So what a month July has been. Work has been difficult as my work colleague lost her grandma who she was very close to and obviously is very upset. I am not much help to her and i know she must find it hard to talk to me about it which is difficult for me as i would love to help her. I have started having migraines again which are being brought on by stress, along with palpitations, dizziness and tiredness. The doctors think its just stress but i am undergoing tests just to be sure - the difficulty is that i can't really tell anyone other than my best friend because i don't want to worry my mum and dad or the kids. It's just another time that i realise how much i miss talking to Stewart. I realise that that offload time when we both came in from work and talked about our days, however mundane was a real stress reliever and without it i am really struggling. I have had a difficult week with the bank starting to hassle me over increasing my payments (that they set at a low rate) to them to pay back the unsecured business loan stew took out, but i was joint signatory. They are threatening to get a charge on the house and I don't know whether just to let them do it, or whether they are allowed to do it. Looks like i will be taking some advice on that but its another worry i just don't need.
However i have had two lovely things happen to me over the last 7 days.
The first is i visited my friend who happens to also be a medium. I went for a hearing and boy did Stewart come through. He couldn't stop chatting and she hit on so many things that she couldn't possible have known. Things about both stew and I that are impossible to know that it is frightening.
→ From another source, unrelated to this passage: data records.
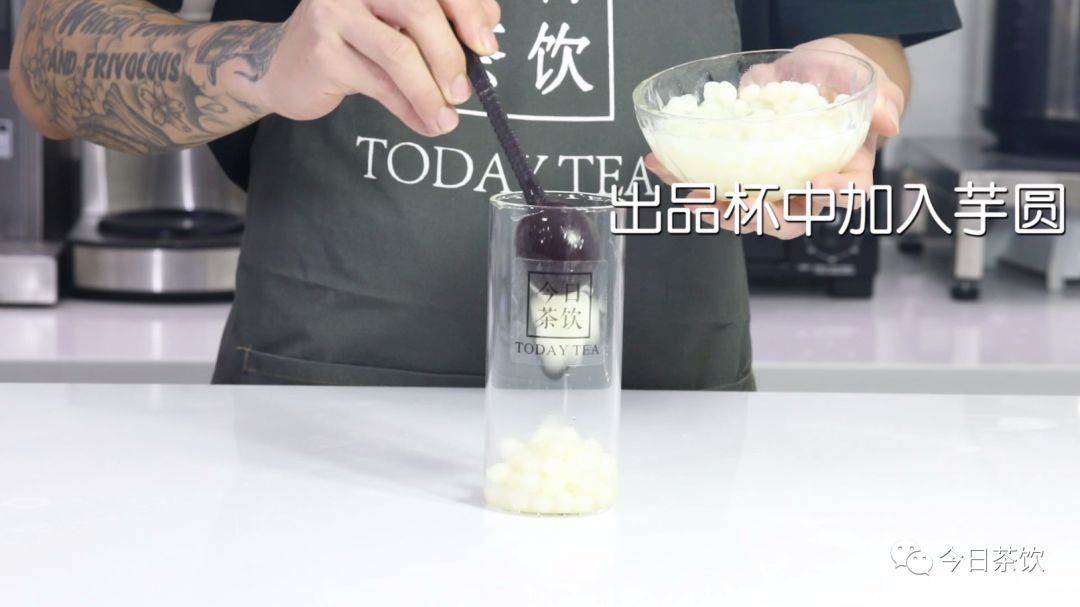 姜枣蜜豆热奶茶的制作方法,姜枣热奶茶配方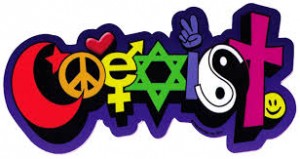 coexist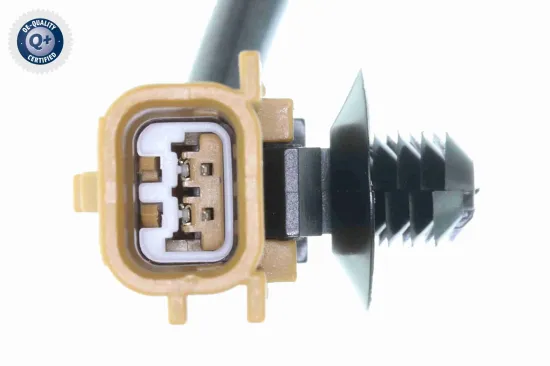 Sensor, Abgastemperatur VEMO V46-72-0275 Bild Sensor, Abgastemperatur VEMO V46-72-0275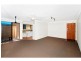 Indooroopilly QLD 4068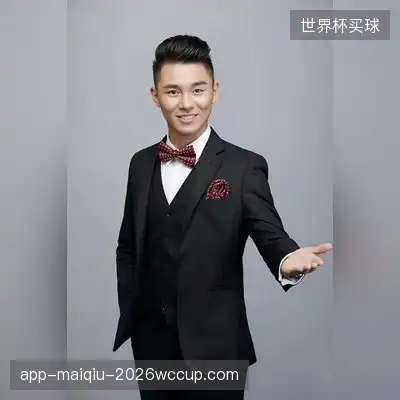 任航蕾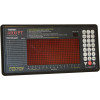 4000012 - Console, C2, Refurbished - Product Image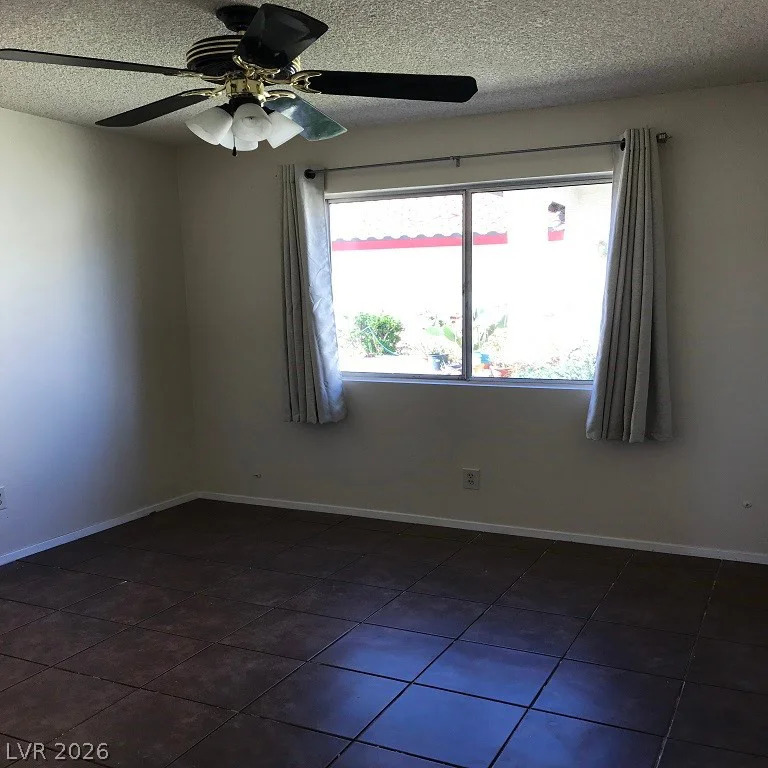 6204 Caprino, Las Vegas, NV 89108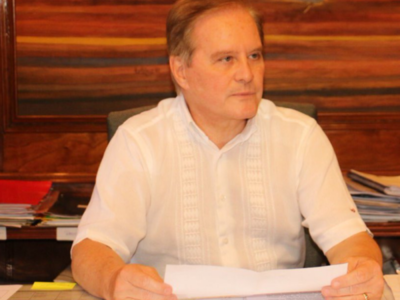 Piden a Mario Ferreiro ya no dar vueltas y avanzar en los proyectos habitacionales - Radio 1000 AM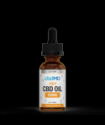 Cat CBD Extract 150mg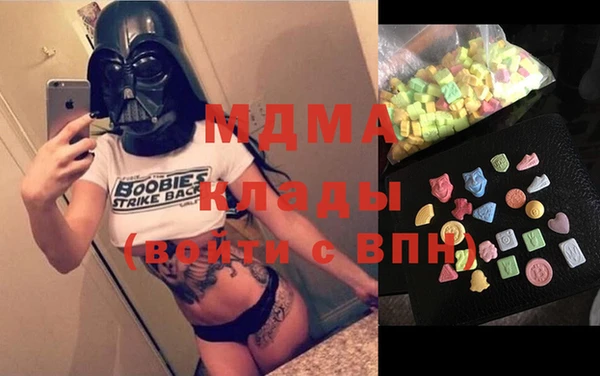 дурь Бородино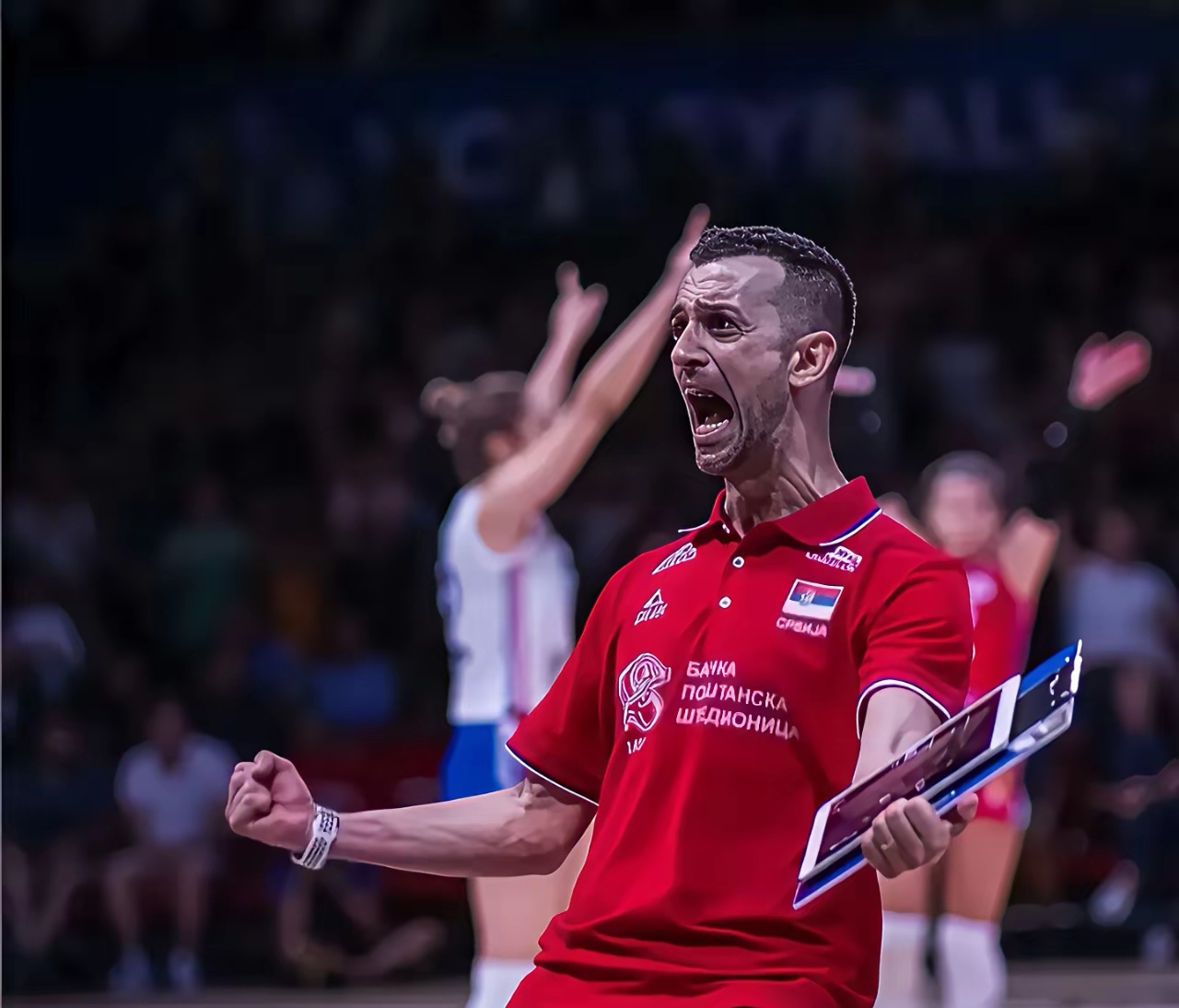 乐鱼体育app-比利亚雷亚尔解雇了马塞利诺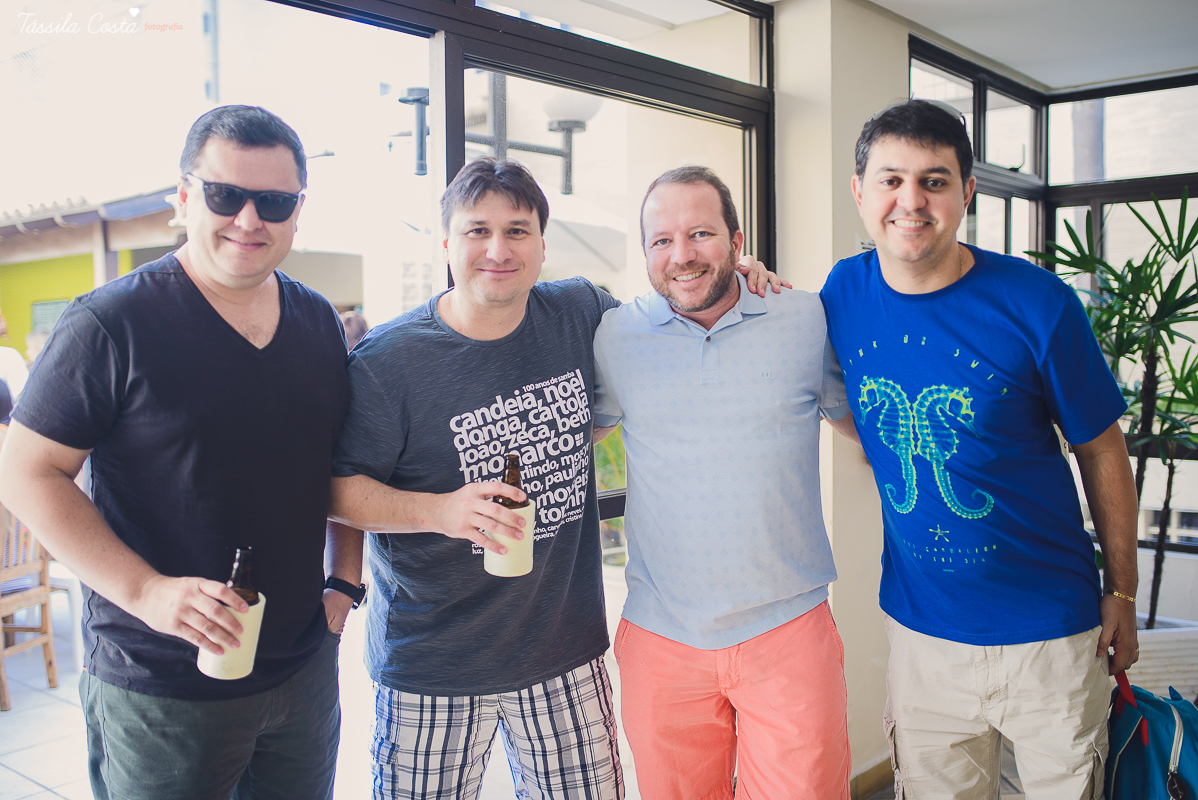 chá de bebê lindo e super diferente, com o tema rato, por conta do sobrenome do pai, decoração da loja As Meninas Locações, que fica em Vitória - ES, com fotos de Tássila Costa, churrasco no pr&eacute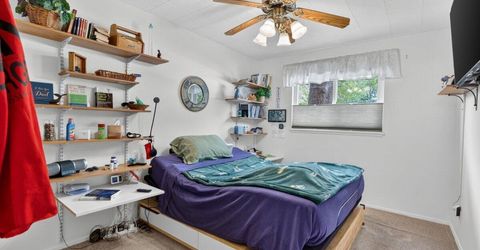 1945 4th Street, Unit 3, Sparks, NV 89431 Photo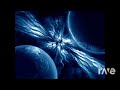 Cosmic Dancer Is A Place On Earth - DJ Xoduzz & Belinda Carlisle | RaveDJ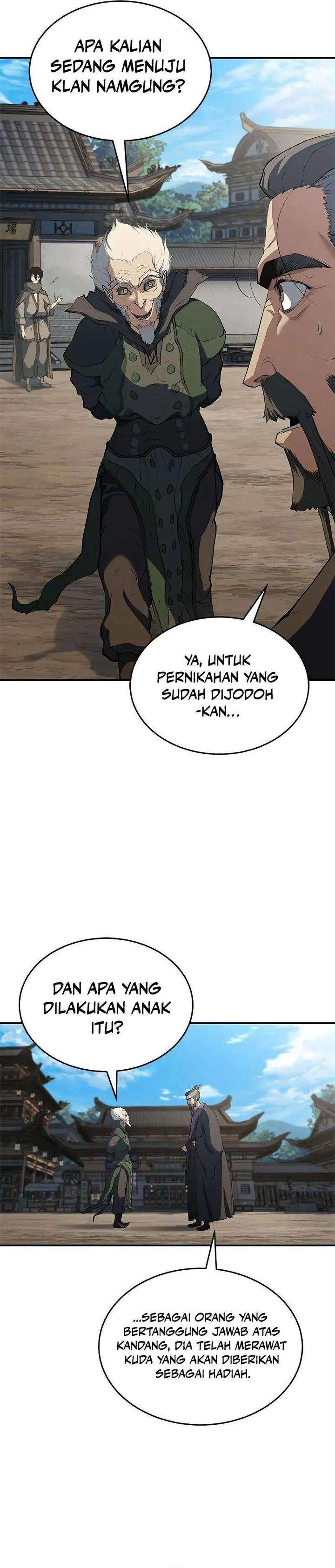 image-komik-psychopath-in-murim-chapter-13-12/44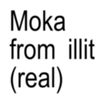 mokascrumble
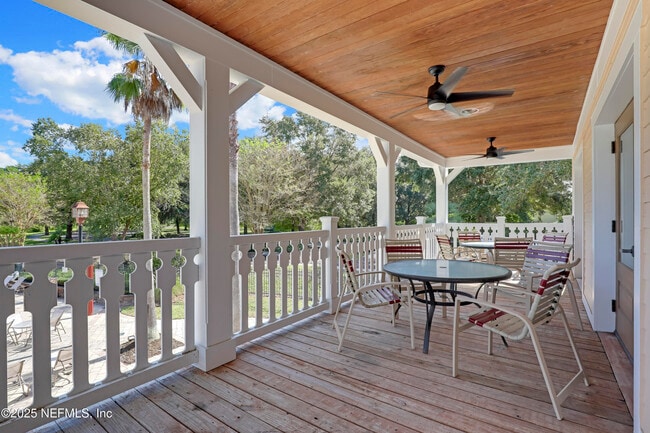 Building Photo - 3074 Paddle Creek Dr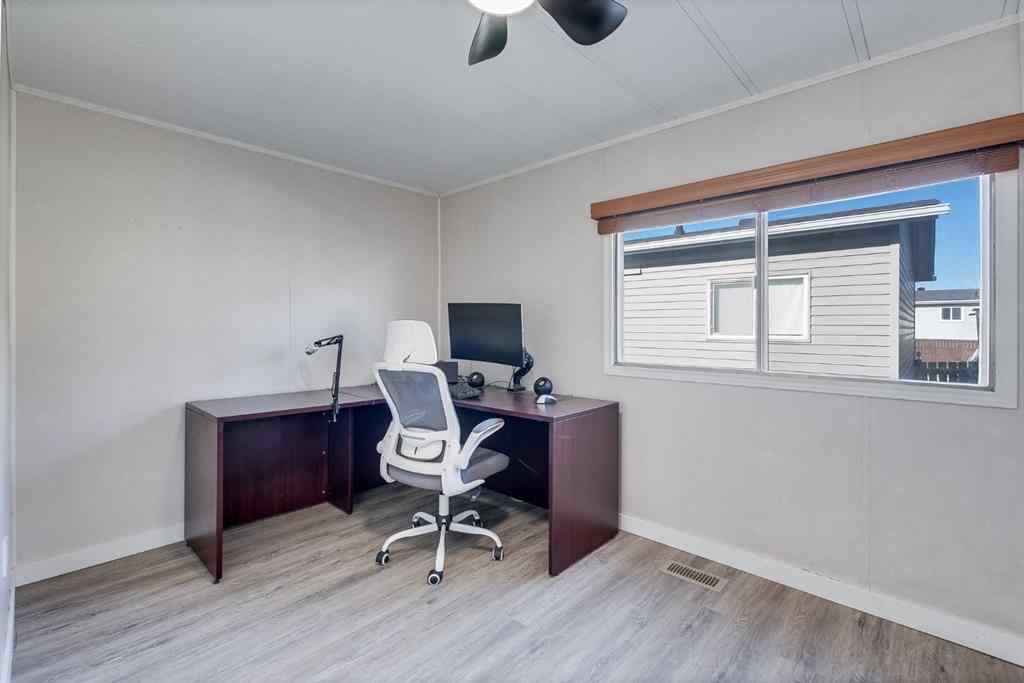 MLS® A2260511 - 265 Big Hill Circle SE in Big Springs Airdrie, Residential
She even told me that i had a friend who was heavily linked to barry manilow - that will be Fi who is a regular there and one of Stews favourite people - and the last person to be with him and me before he died. How strange was that. There were funny moments, touching moments, and heartwarming moments and I think I have gained a little comfort from knowing he is around even if I can't get to talk and touch him. What I wouldn't give for a cuddle off him right now, and a kiss on the top of my head that he always gave me when he walked by. I realise how much I miss him, it isn't getting easier but I know that i will learn to walk alongside the pain, there isn't any way other than that even though there have been times in the last few weeks that I could have curled up into a ball and given up. My kids are my life savers. However bad i feel, I look at them and know i can't give up for their sakes. They are so like their dad. Each of them has a little bit (in some cases a lot) of him in them. Jamie speaks like him and has his sense of humour and knows exactly where he was coming from. Alex is inquisitive and loves cooking just like him and gemma, well poor kid, she is the image of him and every time i look at her Stewart looks back. How can I give up on them?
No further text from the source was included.